A história da Playboy é uma jornada de revolução cultural e adaptação. Tudo começou em 1953, quando Hugh Hefner, usando o dinheiro de um empréstimo e o brilho de Marilyn Monroe na primeira capa, lançou a revista nos EUA. Mais do que nudez, Hefner vendia o "estilo de vida Playboy": uma mistura de sofisticação, literatura de alta qualidade e entrevistas com figuras como Martin Luther King Jr.
No Brasil, a marca desembarcou em 1975 pela Editora Abril. Inicialmente chamada de A Homem devido à censura da ditadura, logo assumiu o nome original e se tornou um fenômeno. Por décadas, ser "Capa da Playboy" foi o auge do estrelato para atrizes e modelos brasileiras, com edições que batiam recordes de milhões de exemplares vendidos.
O mundo mudou e a internet transformou o consumo de conteúdo. O acesso gratuito e instantâneo tornou o modelo de bancas insustentável:
Fim do papel: A edição impressa regular brasileira encerrou-se em 2015 (com breves retornos independentes), e a americana despediu-se do papel em 2020.
Novo foco: Hoje, a Playboy renasceu como uma plataforma digital e lifestyle.
Criadores de conteúdo: O foco atual são redes sociais e plataformas exclusivas (como o Playboy Club), onde a marca atua como uma curadora de modelos e influenciadores, focando em engajamento e diversidade.
O coelhinho ainda é um ícone global, mas agora ele habita o brilho das telas, tentando equilibrar o legado de sofisticação com a rapidez da era dos algoritmos.
Em formato enciclopédico, a descrição “Revista Playboy 2008 11 Claudia OhanaOhana 09” parece ser um rótulo de identificação bibliográfica (ou de catalogação) associado a uma edição de uma revista.
“Playboy”: indica a publicação.
“2008”: indica o ano de edição (ou publicação).
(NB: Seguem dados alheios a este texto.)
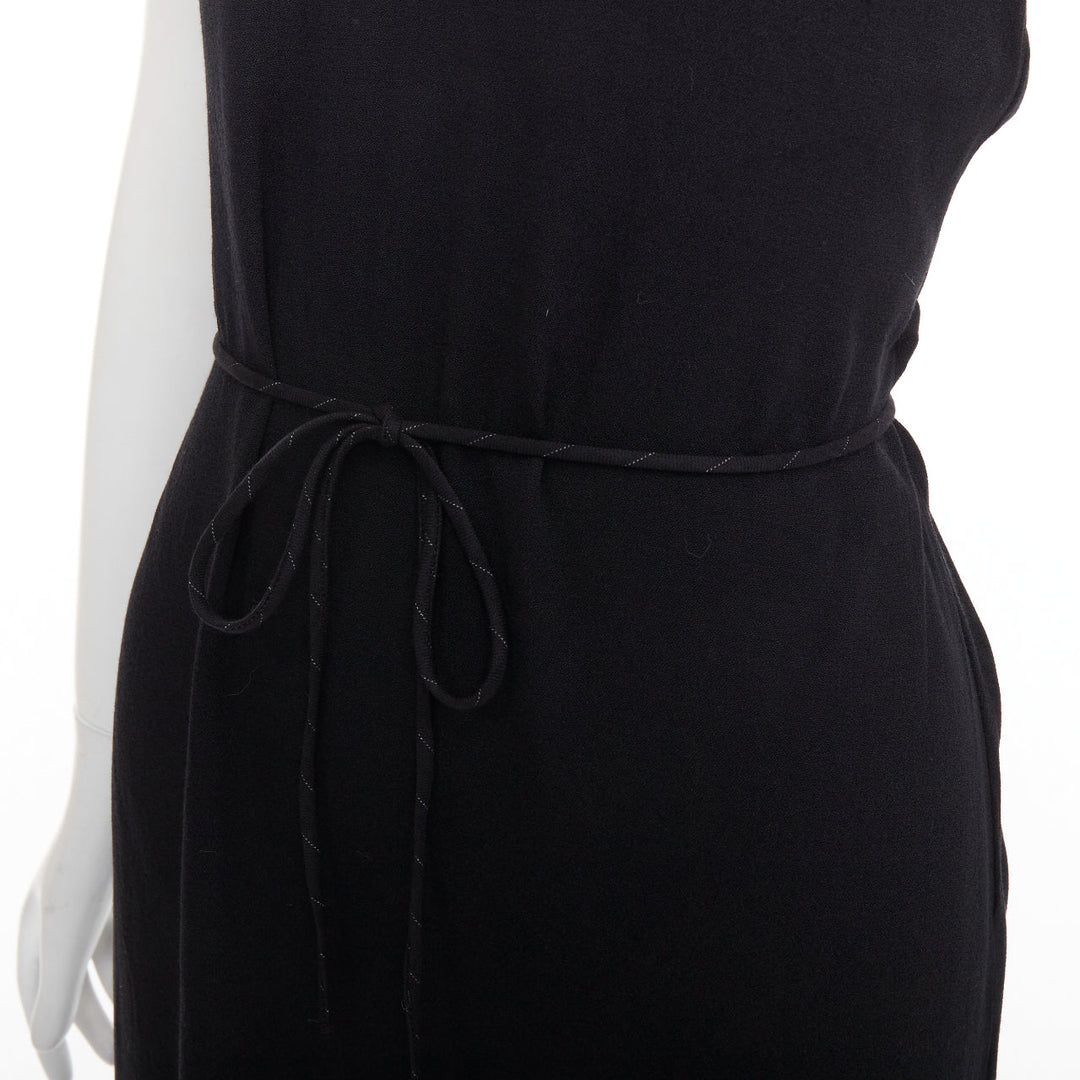 REFORMATION black viscose blend tie waist open back midi dress M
“11”: frequentemente corresponde ao número do mês (novembro) ou ao número da edição/fascículo, dependendo do padrão do acervo.
“Claudia Ohana”: sugere o nome da pessoa relacionada à página (por exemplo, a modelo/participante em uma reportagem, ensaio ou matéria).
“OhanaOhana”: a repetição do sobrenome pode ser um erro de catalogação, uma duplicação em texto extraído por OCR, ou um padrão interno do banco de dados.
“09”: pode indicar o número da página (página 9), ou ainda o código interno do item/página dentro da edição.
Quem pode ser “Claudia Ohana” (com base apenas no que o rótulo sugere): o texto não fornece dados confirmatórios (como profissão, nacionalidade ou datas). Assim, o rótulo apenas indica uma pessoa chamada “Claudia Ohana” associada a uma página daquela edição da revista. Em contextos de acervo de revistas, esse tipo de menção geralmente se refere a uma modelo ou participante em conteúdo editorial, mas isso não pode ser afirmado com certeza sem mais informações verificáveis.
Partes do corpo humano: o rótulo apresentado não descreve quaisquer partes específicas do corpo. Portanto, não há elementos textuais suficientes para caracterizar, com caráter enciclopédico, partes do corpo humano.
Conclusão: a “descrição” é mais compatível com um identificador de edição/página (revista, ano, número do fascículo/mês e página) associada à pessoa nomeada “Claudia Ohana”, com possível duplicação textual (“OhanaOhana”) atribuível a erro de registro ou extração.